The All Hallows Society, the Ultra Secret and Extremely Powerful Organization that polices the affairs of Otherworldly Beings in Maine, today voted unanimously to continue the state’s ban on clowns.
This decision to move forward with the anti-clown crusade comes at a time when some Mainers believed that it might finally be time to lift the nearly 30 year old ban.
And it very well might have happened if not for a recent incident on I-95.
“Our officers pulled over a Volkswagen Beetle that was speeding and swerving recklessly near the New Hampshire border,” Maine State Police spokesman James Roolbuk explained to this Modern Philosopher. “When the officers heard strange noises coming from the vehicle, they asked the passengers to step out onto the shoulder.”

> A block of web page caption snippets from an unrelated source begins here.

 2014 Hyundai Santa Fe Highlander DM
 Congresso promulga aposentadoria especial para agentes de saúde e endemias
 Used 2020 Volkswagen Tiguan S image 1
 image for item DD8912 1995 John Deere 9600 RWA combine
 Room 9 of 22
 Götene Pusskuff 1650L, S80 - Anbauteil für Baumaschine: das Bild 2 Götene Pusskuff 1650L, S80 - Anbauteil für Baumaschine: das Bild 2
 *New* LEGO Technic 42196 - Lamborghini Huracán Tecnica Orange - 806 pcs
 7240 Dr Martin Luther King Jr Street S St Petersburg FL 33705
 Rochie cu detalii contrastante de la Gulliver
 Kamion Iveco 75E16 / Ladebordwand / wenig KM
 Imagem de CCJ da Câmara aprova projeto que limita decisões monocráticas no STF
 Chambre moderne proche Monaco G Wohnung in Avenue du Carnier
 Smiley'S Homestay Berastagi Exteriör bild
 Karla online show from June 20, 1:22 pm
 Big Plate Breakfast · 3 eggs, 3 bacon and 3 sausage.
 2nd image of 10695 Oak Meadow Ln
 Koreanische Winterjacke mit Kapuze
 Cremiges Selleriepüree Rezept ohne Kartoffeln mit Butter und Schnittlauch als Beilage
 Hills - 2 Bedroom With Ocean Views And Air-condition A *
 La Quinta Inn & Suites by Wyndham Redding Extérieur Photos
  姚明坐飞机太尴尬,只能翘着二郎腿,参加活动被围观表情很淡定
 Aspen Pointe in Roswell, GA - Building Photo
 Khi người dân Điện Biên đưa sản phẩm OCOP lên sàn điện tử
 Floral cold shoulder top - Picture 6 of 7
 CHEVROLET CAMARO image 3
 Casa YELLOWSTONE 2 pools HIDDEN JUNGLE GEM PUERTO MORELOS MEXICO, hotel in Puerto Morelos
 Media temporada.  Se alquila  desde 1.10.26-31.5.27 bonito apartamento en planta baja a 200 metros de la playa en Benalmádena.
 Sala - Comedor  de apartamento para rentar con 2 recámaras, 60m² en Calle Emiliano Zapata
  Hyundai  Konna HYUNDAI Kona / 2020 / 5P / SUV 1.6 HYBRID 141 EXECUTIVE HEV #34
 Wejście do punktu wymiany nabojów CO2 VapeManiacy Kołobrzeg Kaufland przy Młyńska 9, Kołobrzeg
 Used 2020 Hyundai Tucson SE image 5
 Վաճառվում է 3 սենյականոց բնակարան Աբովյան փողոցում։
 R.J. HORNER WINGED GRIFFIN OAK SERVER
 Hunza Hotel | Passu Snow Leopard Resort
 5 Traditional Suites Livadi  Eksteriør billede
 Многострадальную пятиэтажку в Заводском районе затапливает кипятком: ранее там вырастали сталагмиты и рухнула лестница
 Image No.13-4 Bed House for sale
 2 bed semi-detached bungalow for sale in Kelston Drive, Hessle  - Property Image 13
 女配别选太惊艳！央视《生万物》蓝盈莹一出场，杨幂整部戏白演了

According to the official report, 35 clowns emerged from the car. Fat clowns, skinny clowns, males, females, tall, and short. So many clowns. The report goes on to say that none of them would speak, and they only communicated by honking horns, spraying seltzer, or tossing confetti.
“They made a mess of the interstate with their damn confetti!” Roolbuk continued. “They also made a mockery of the law. There’s no way there were 35 sets of seat belts in that tiny car. None of them would say where they were headed, but we did find a map of Bangor in the front seat with Stephen King’s block circled in red ink.”
And there lies the problem, Modern Philosophers. Ever since my neighbor Steve wrote It, his frightening novel about a clown who shall not be named on this blog, evil clowns have been seeking refuge in Maine.
The All Hallows Society realized that these clowns were a threat not only to the way Otherworldly Beings were perceived by Mainers, but also to sanity, a good night’s sleep, and life in general.
Since there was no easy way to distinguish an evil clown from a harmless clown, all clowns were banned from Maine. No exceptions. This is why Mayor McCheese, and not Ronald, is the symbol of McDonald’s in Maine.
“Sure, it caused some problems when the circus came to town, but ultimately, they would agree to leave the clowns behind,” explained Maine Historian, Dr. Wilford Crump. “Kids would see a clown on TV and beg their parents to let them have one at their birthday parties, but moms and dads stood strong. Children got the “Clown Talk” at an early age, and that sometimes included sitting through a portion of the movie based on King’s novel. After that, there would be no more talk of clown birthday parties.”
Over the years, the anti-clown sentiment has soften. The best example of this is the election of Paul LePage as Maine’s Governor. The argument became: If a clown can run the state, why can’t clowns run around in the state?
The All Hallows Society issued a tersely worded statement that made it clear that while Governor LePage exhibited all the qualities of a clown, the fact that he conducted himself devoid of clown makeup and costume meant he was not subject to the state’s clown ban.
The usually verbose LePage issued a two word reply: “Thank you”. He has never interfered will the decision to uphold the ban, and always avoids questions about it. Clearly, the man is smart enough to know not to mess with the group that really runs this state.
After the 35 clowns were escorted back across the state line into New Hampshire, Mainers made it clear that they wanted protection from any future clown invasions. Check points have been set up near the border, all suspicious seltzer, paper shredder, and oversize shoe purchases are investigated, and mandatory readings of It have begun at all Maine schools to remind children of the dangers of clowns.
Tonight, The All Hallows Society made it official. There will be no clowns in Maine in the foreseeable future.
And now you know why I never write about clowns on this blog.
“If a clown can run the state, why can’t clowns run around in the state?”
Ha Ha Ha Ha I love this.
I’m glad you do. Someone needs to laugh since we don’t have clowns here to make anyone laugh!
Stephen King has cured me from liking clowns.
My neighbor does have a way with words…
A very vivid, scary, makes you think twice way with words…..
Exactly what I meant!
yes! makes me want to move to maine just for the clown ban, all is worth it )
Send off the clowns… 🙂
HAHA! how did I miss this post… I loathe clowns, they terrify me! Perhaps a move to Maine needs to happen? The talking Gargoyles and no clowns, are lurring me in!
I like the sound of that. I could use more blogger friends nearby. 🙂
Woo hoo! 🙂
Maine is a great place to live when it’s not snowy and absolutely frigid…so like 10 days a year. 🙂
I’ll pack my bag for those ten days then! It’ll be worth it just so I can escape those pesky clowns! They’re everywhere! *hides under the bed*
Of course, were you to visit me, you’d be only a couple of miles from the house of the man who wrote “It”… 🙂
…could I get your autograph?
My autograph? You’re making me blush… 🙂
PS; Can we be friend again please?
We never stopped being friends. You should know that… 🙂
friends *
Well, I can’t be friends with someone who makes typos… 😛
Oh darn, there goes my toga! I am forever making typos!
You look too cute in your toga, so you can keep it. 🙂
This makes me VERY happy 🙂
Me, too. 🙂
It–such a good movie!
Such a scary movie! And to think that the mind that created it lives only two miles away!!!